初級4
近代科学・天文学
ガリレオ・ガリレイ
編集部
太陽が「火」で燃えているというのは誤解です。水素の核融合という巨大なエネルギーメカニズムから重力とのバランス・太陽の寿命まで、太陽のしくみを解説します。
太陽は固体ではなく電気を帯びたプラズマでできた超高温のガス球です。直径は約139万km、成分は水素約74%・ヘリウム約24%で、表面温度は約5,500℃、中心温度は約1,500万℃にも達します。太陽は太陽系の中心にある恒星です。
木やガスの燃焼と太陽のエネルギー発生はまったく別物です。ふつうの燃焼は酸素が必要な分子の化学反応ですが、太陽の核融合は酸素なしに原子核どうしが反応して非常に大きなエネルギーを生みます。太陽が明るいのは化学反応ではなく核反応が続いているからです。
巨大な重力が中心部を超高温・超高圧にして核融合の条件を作ります。核融合が起きるには超高温(約1,500万℃以上)・超高圧(地球の約1000億倍以上)・高密度(物質が密集)という3つの条件が必要です。重力で圧縮→温度上昇→原子が近づく→核融合という流れで、太陽がつぶれずに形を保てるのは内向きの重力と外向きの圧力(静水圧平衡)がバランスを保っているためです。
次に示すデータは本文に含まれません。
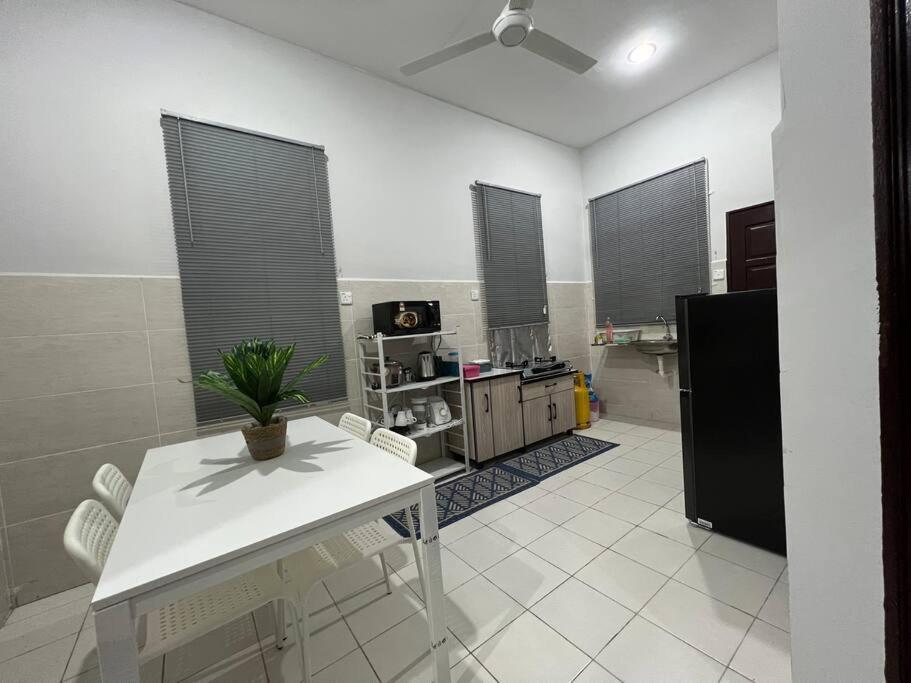 D'Sara Homestay Fully Furnished 3 Bedrooms All Aircond 2 Miles Centre Chukai Eksteriør bilde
太陽の中心では4つの水素原子核(陽子)が近づいて反応を進め、ヘリウムが生まれます。その過程で光子・ニュートリノ・光と熱としてエネルギーが放出されます。太陽は毎秒莫大な量の水素を使ってエネルギーを生み出しており、この反応は太陽の中心核で起きています。
核融合では「消えた質量」がエネルギーへ変わります。E=mc²(E:エネルギー、m:質量、c:光の速さ約30万km/秒)という式で、水素の質量合計よりヘリウムの質量のほうがわずかに小さく、その差が放出エネルギーになります。c²(約9×10¹⁶)が非常に大きいため少しの質量差でも膨大なエネルギーが生まれ、だから太陽は長い時間非常に明るく輝き続けられます。
中心核で核融合によってエネルギーが発生し、放射層では光(光子)が電子などに衝突しながらジグザグに進み、対流層では熱いガスが上がり冷えたガスが降りる対流で熱が表面へ届きます。そして光球から光として宇宙に放たれます。中心から表面に届くまで非常に長い時間がかかります。
表面から出た光は宇宙空間を進み、光速(約30万km/秒)で約8分20秒後に地球に届きます。昼をつくる光・地球を温める熱・植物の光合成を支える光として生命活動の基盤となっています。私たちが受け取る光と熱はすべて太陽中心部の核融合が源です。
核融合の燃料である水素には限りがあり、太陽も永遠ではありません。現在の年齢は約46億年で、主系列星としての寿命は約100億年です。あと約50億年後には中心の水素が減り始めて赤色巨星へと膨らみ、最終的に外側のガスを放出して白色矮星になると考えられています。
今回は、太陽がなぜ燃え続けているかについてお伝えしました。太陽は木やガスの火ではなくプラズマでできており、重力が中心部を高温・高圧にして水素がヘリウムに変わる核融合が起きています。E=mc²の原理で少量の質量が膨大なエネルギーとなり、それが光と熱になって約8分20秒で地球に届きます。太陽の「燃焼」の正体は核融合による長期的なエネルギー放出で、あと約50億年ほど輝き続ける見込みです。